"You cut, I choose" has been the general principle for settling disputes and potential disputes between two people forever. How startling to see such wisdom in a Jif peanut butter ad that's been running on TV for the past couple of weeks. A mom is distributing the last slice of bread, spread with Jif, to her two kids and tells one he gets to cut it in two, but the other one gets first choice of which piece to take.
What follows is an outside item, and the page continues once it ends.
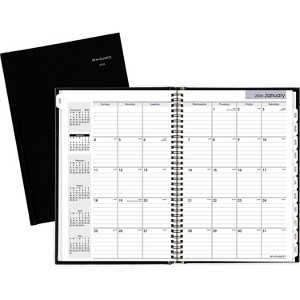 2026 AT-A-GLANCE DayMinder 8" x 11.75" Monthly Planner Faux Leather Cover Black (G470H-00-26) - 1 of 4
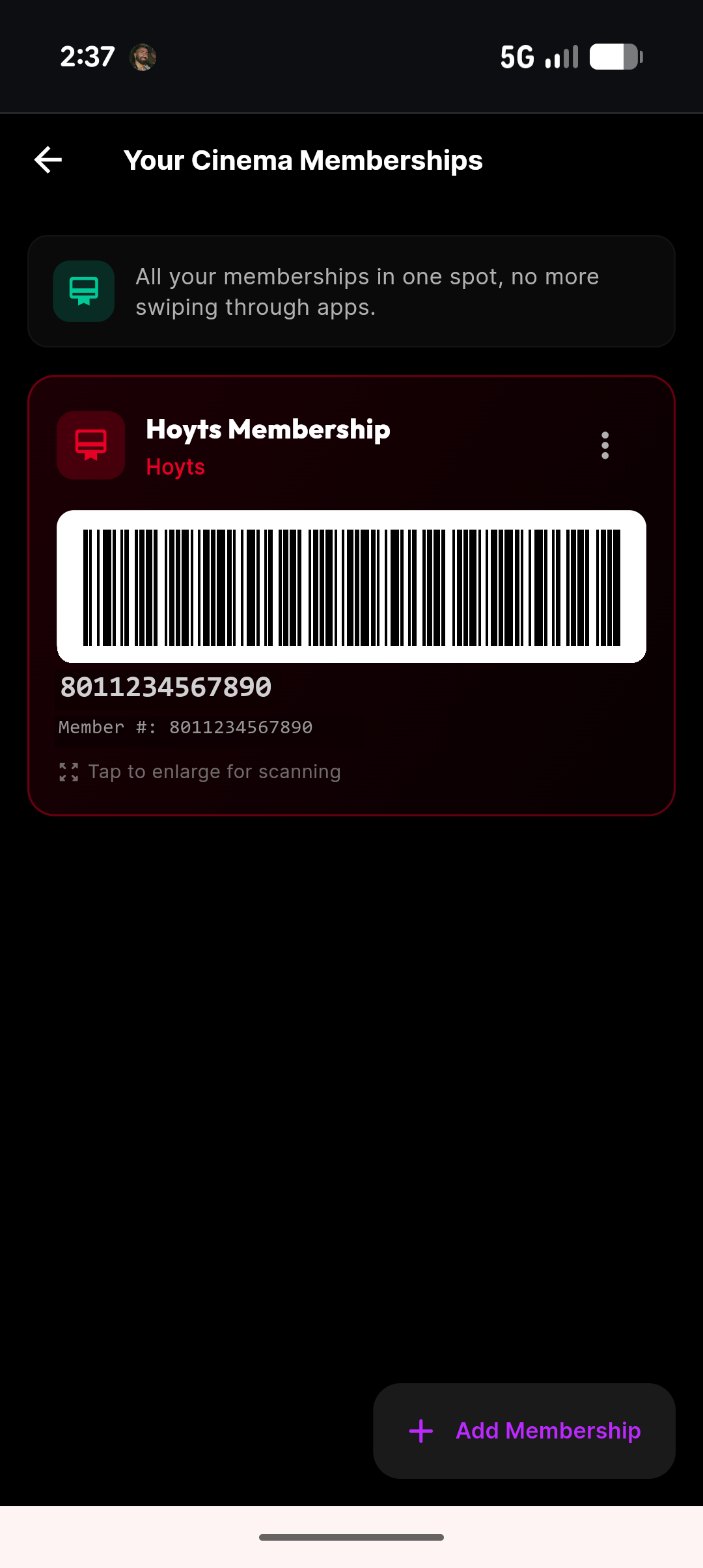 moviemates.social Wallet — Membership cards on iPhone showing a Hoyts Membership loyalty card with a scannable barcode and member number, plus an Add Membership button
Of course, she is a "choosy mom," and all you sensitive people out there know how much damage to self-esteem such elitist thinking can do:
The slogan "choosy moms choose JIF" is famous in marketing circles for having been extremely effective. The reason, of course, is that the implied corrolary to the slogan is "crappy negligent moms who don't care about their kids give other brands of peanut butter." The harm here is that it gets moms into the habit of thinking that the place to concentrate their efforts to be better moms involve choice of peanut butter, instead of things that might actually work.
The heart of "you cut, I choose" is creating buy-in. Any good teacher (especially the one attempting the Socratic role) knows the value of that. An editor I used to work for had a good version of the method. He'd give a challenging story to a reporer, involving a lot of research, and ask the reporter how much time he or she thought would be needed to do it. Whatever the reporter said, he would add to it in coming up with the deadline. "I can do that story in three days," the reporter would say. "Take five days," he would say. There was then no possible excuse the reporter could come up with for not having the story done in five days.
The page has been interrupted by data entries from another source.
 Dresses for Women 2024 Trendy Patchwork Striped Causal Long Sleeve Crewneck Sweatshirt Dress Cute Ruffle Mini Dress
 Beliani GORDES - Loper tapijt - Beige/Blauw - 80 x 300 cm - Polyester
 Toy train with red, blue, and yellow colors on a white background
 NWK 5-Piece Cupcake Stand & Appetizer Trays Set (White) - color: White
Considering the state of our institutions today -- including government -- I'd say we could use a few more choosy moms.
Comments
I seem to remember my Mom trying a "buy in" strategy once when she told me to go get a stick for her to spank me with. The stick I chose was insufficient. Come to think of it, I don't know that I ever got spanked -- mostly just chewed out for picking a lousy stick. Maybe my search time had really been an opportunity for her to cool down after whatever it was I'd done that had given offense.